- _EXERCISE_: Return all the data exactly, keeping the pictures out.

- _RECORDED INFORMATION_:
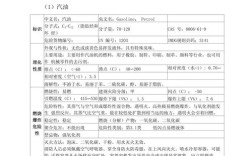 阻燃技术手册 pdf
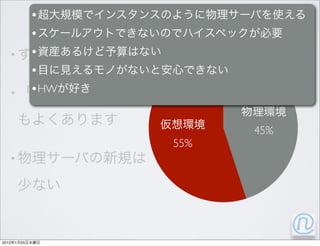•
                •
   •            •
                •
   •            •HW

                            45%
                      55%
   •




2012   1   25
 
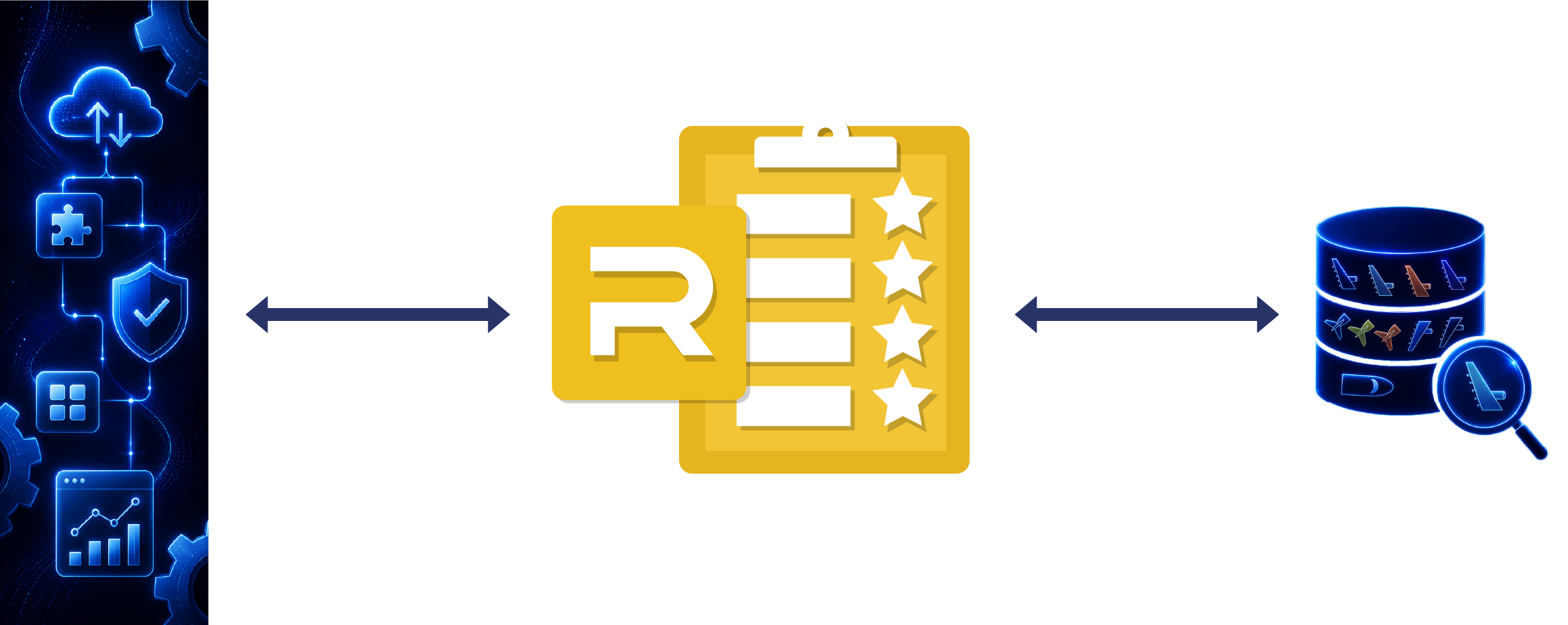 RQA – QUALITY Studio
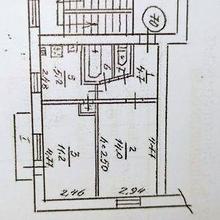 Планування 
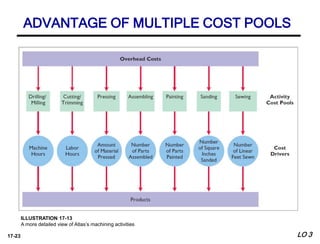 17-23
ILLUSTRATION 17-13
A more detailed view of Atlas’s machining activities
ADVANTAGE OF MULTIPLE COST POOLS
LO 3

- _WRITTEN REPLY_:
 阻燃技术手册 pdf
•
                •
   •            •
                •
   •            •HW

                            45%
                      55%
   •




2012   1   25
 
 RQA – QUALITY Studio
 Планування 
 17-23
ILLUSTRATION 17-13
A more detailed view of Atlas’s machining activities
ADVANTAGE OF MULTIPLE COST POOLS
LO 3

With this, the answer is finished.